- **What you need to do**: A word-for-word copy of the entries, with images excluded, is the expected answer.

- **Records for processing**:
BEGIN

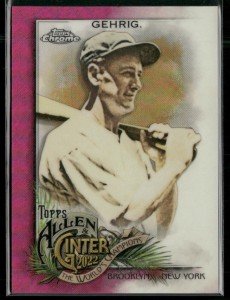 Lou Gehrig 2022 Topps Magenta Refractor /199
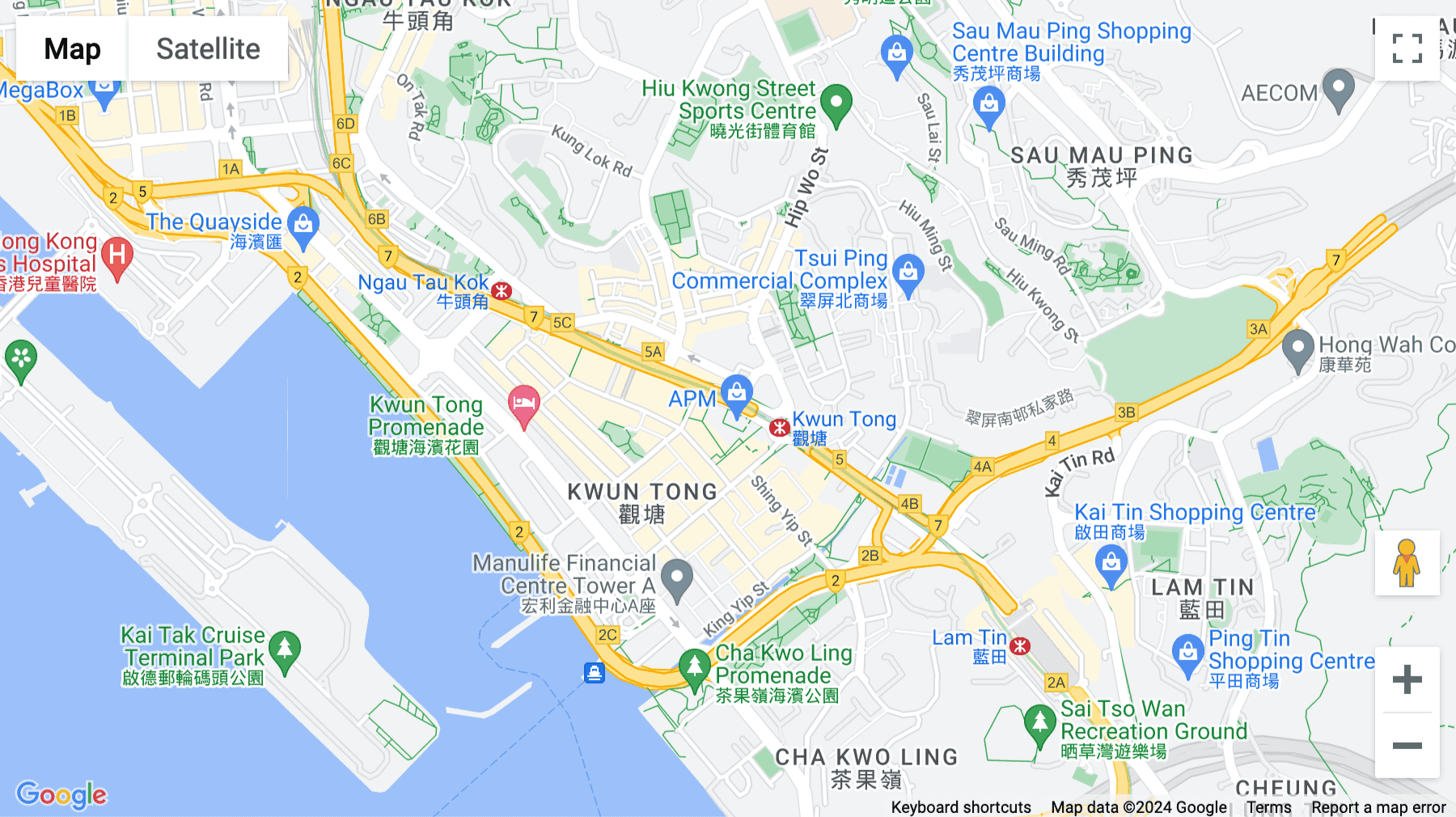 Click for interative map of BEA Tower, Millennium City 5,418 Kwun Tong Road, Kwun Tong, Hong Kong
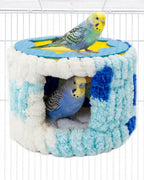 Bird Nest for Cage with Support Frame & Pad, Foot-Friendly Felt - Image 7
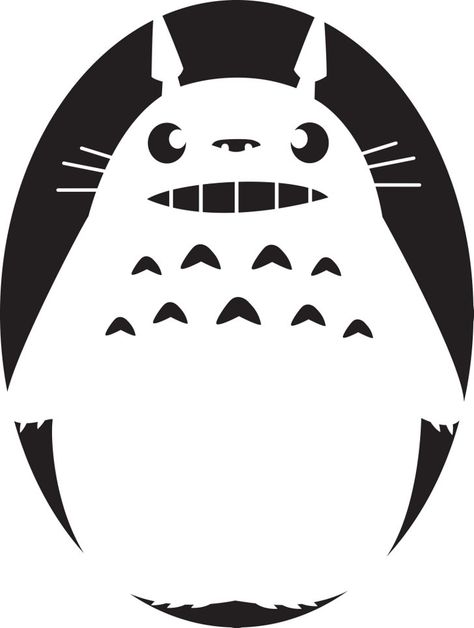 Studio Ghibli Pumpkin, Ghibli Pumpkin, Totoro Pumpkin, Pumpkin Carving Template, Pumpkin Templates, Printable Pumpkin Stencils, Halloween Pumpkin Stencils, Carving Templates, Pumkin Carving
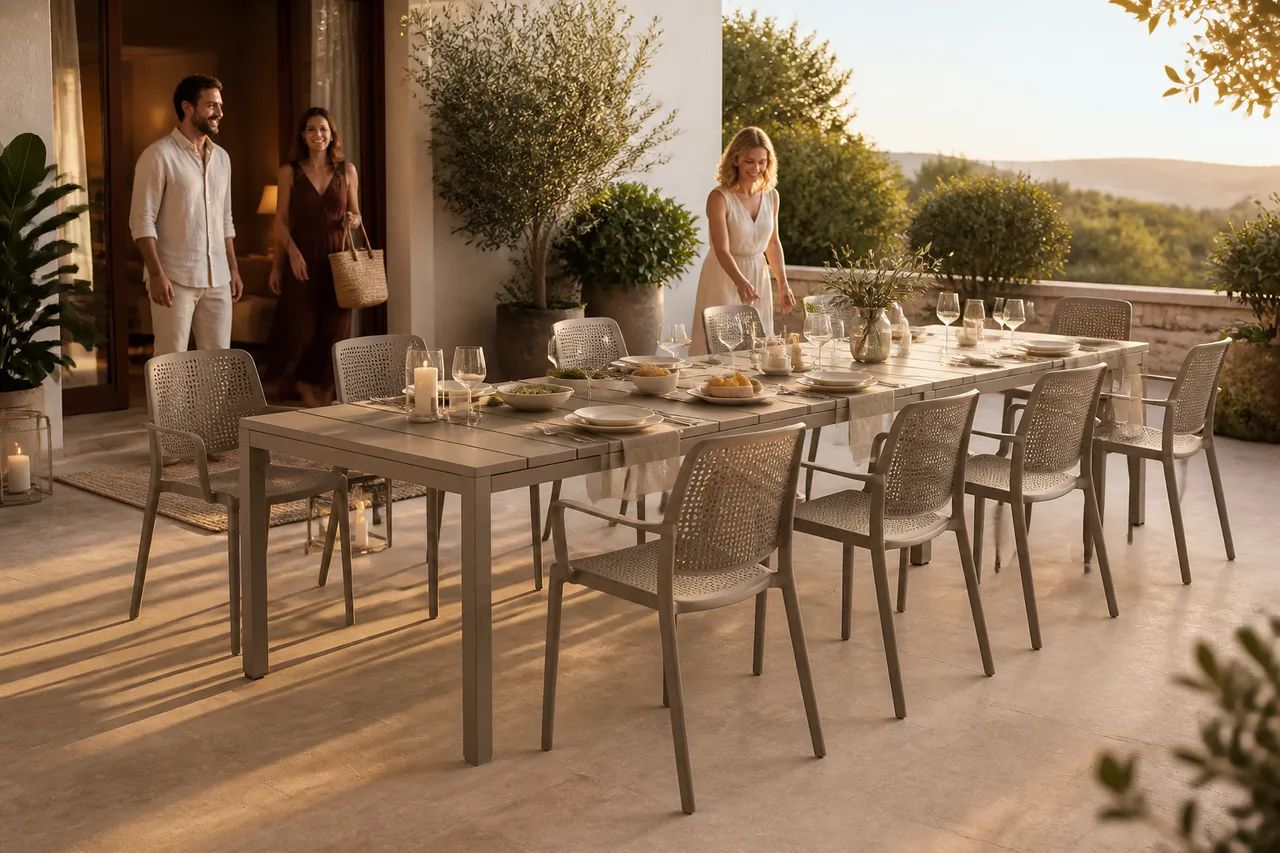 More room when more guests arrive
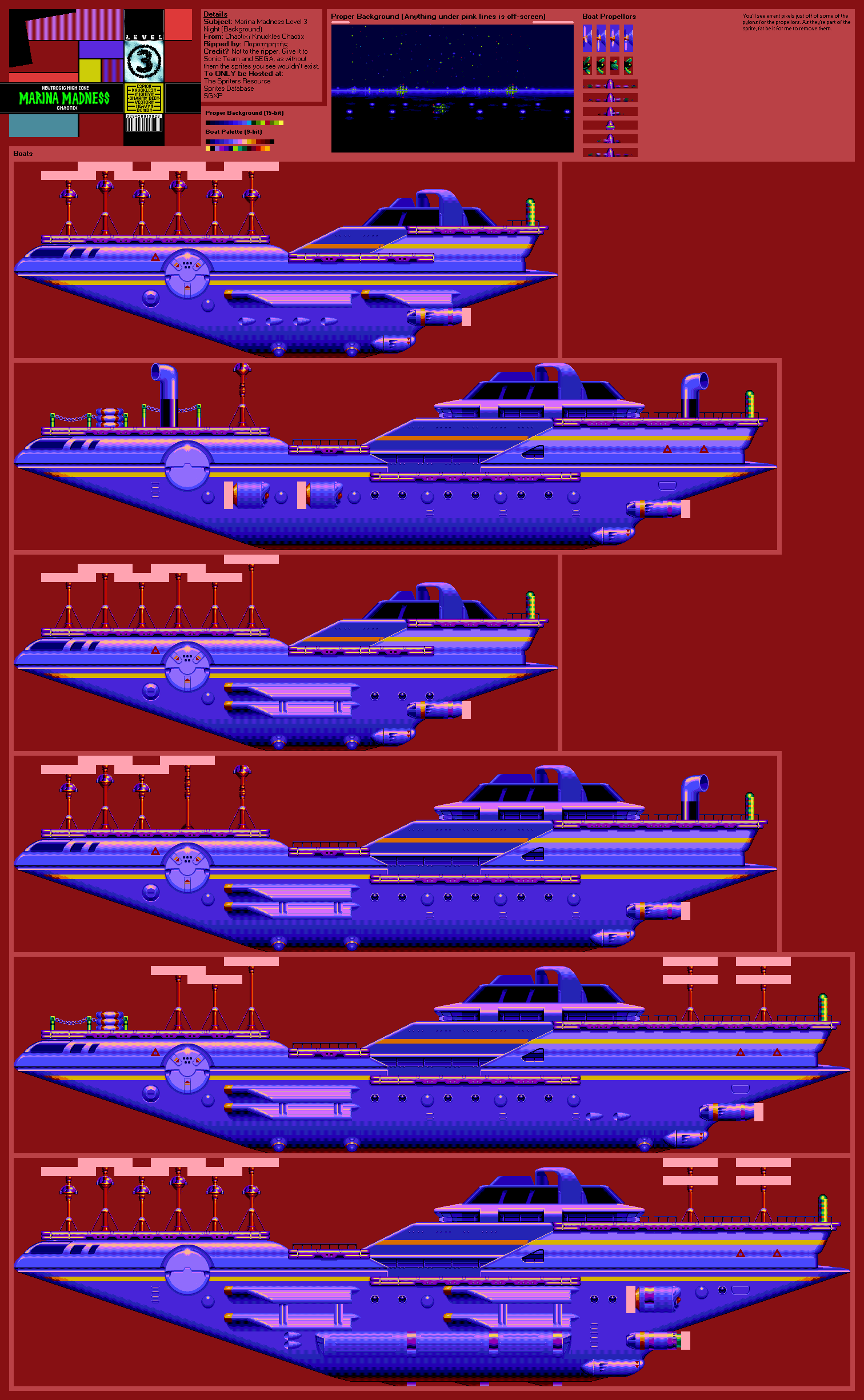 Marina Madness Level 3 (Night) (Chaotix)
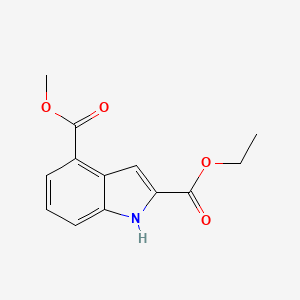 molecular formula C13H13NO4 B1610741 Indole-2,4-dicarboxylic acid 2-ethyl 4-methyl ester CAS No. 473883-20-4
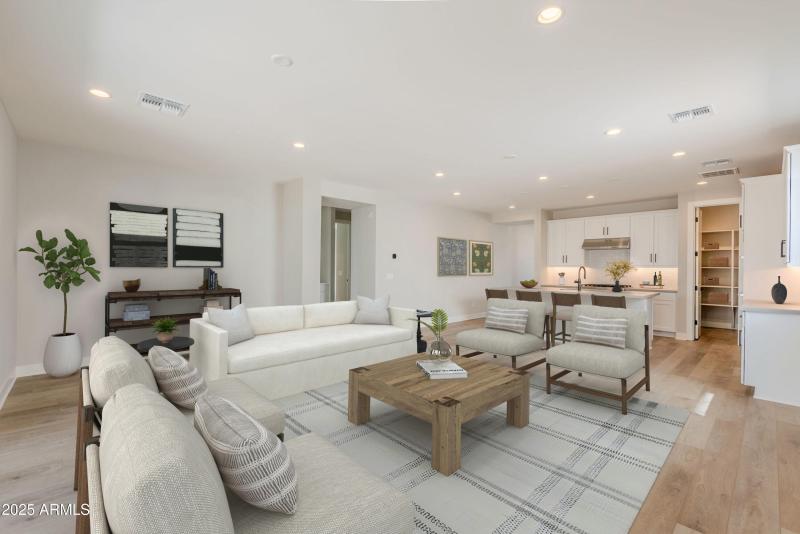 Virtually Staged Great Room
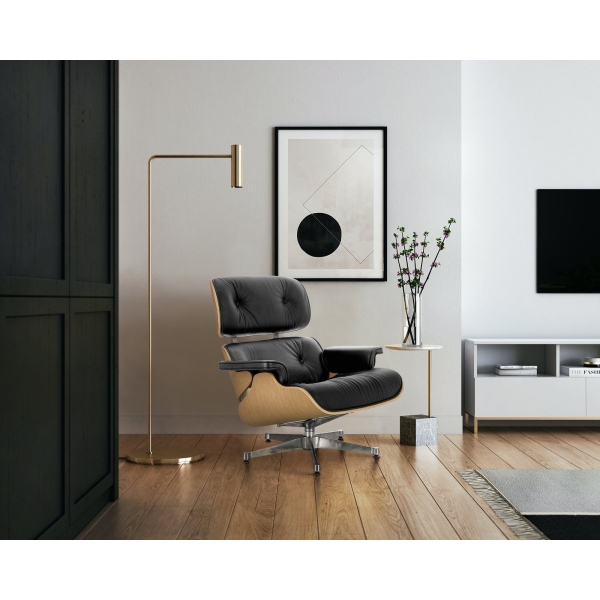 Fotel Vip czarny/natural oak/standard ba se - D2 DESIGN
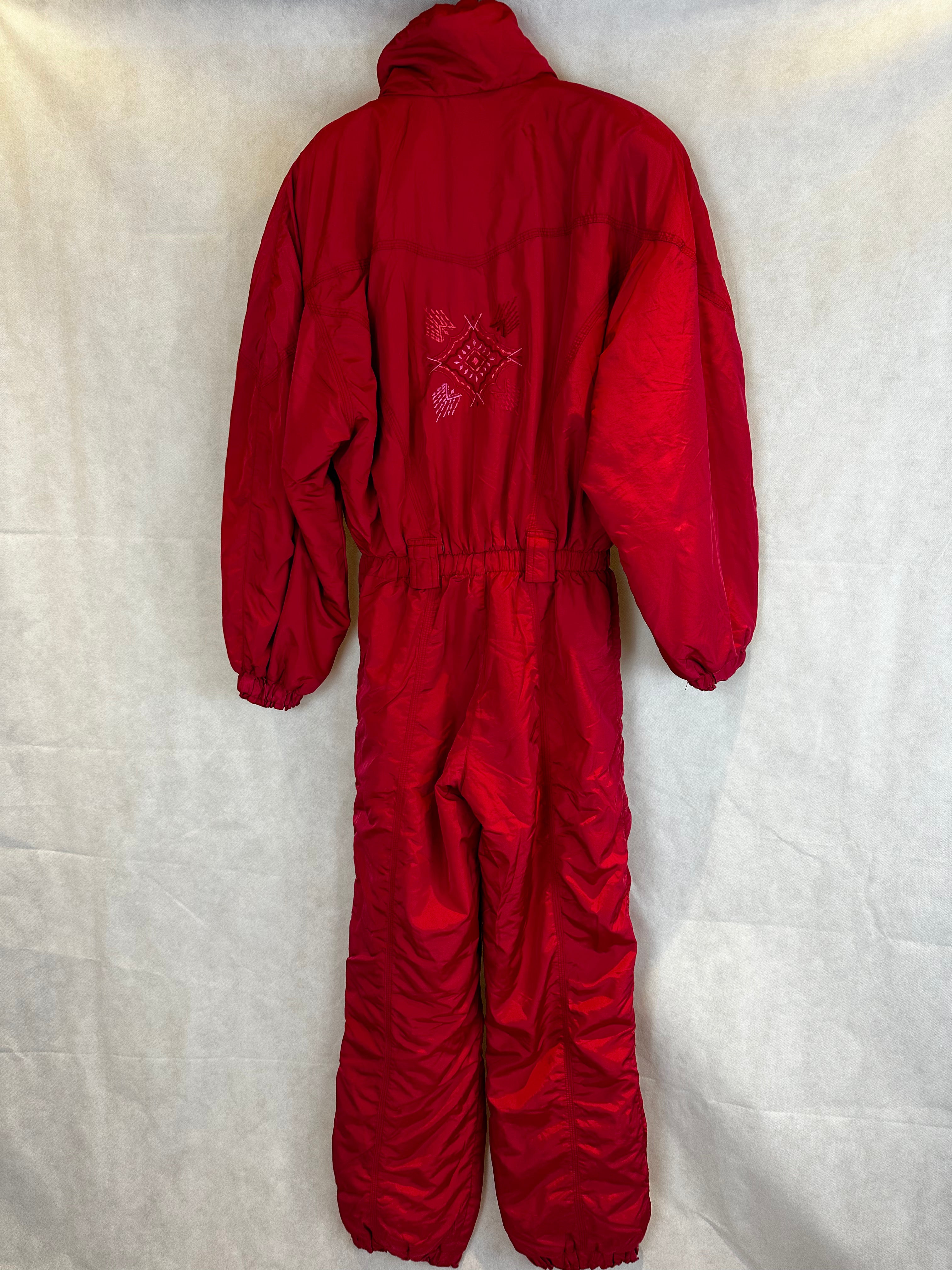 Vintage Skioverall von Punktrosso in rot in M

END

- **Exercise output**:
 Lou Gehrig 2022 Topps Magenta Refractor /199
 Click for interative map of BEA Tower, Millennium City 5,418 Kwun Tong Road, Kwun Tong, Hong Kong
 Bird Nest for Cage with Support Frame & Pad, Foot-Friendly Felt - Image 7
 Studio Ghibli Pumpkin, Ghibli Pumpkin, Totoro Pumpkin, Pumpkin Carving Template, Pumpkin Templates, Printable Pumpkin Stencils, Halloween Pumpkin Stencils, Carving Templates, Pumkin Carving
 More room when more guests arrive
 Marina Madness Level 3 (Night) (Chaotix)
 molecular formula C13H13NO4 B1610741 Indole-2,4-dicarboxylic acid 2-ethyl 4-methyl ester CAS No. 473883-20-4
 Virtually Staged Great Room
 Fotel Vip czarny/natural oak/standard ba se - D2 DESIGN
 Vintage Skioverall von Punktrosso in rot in M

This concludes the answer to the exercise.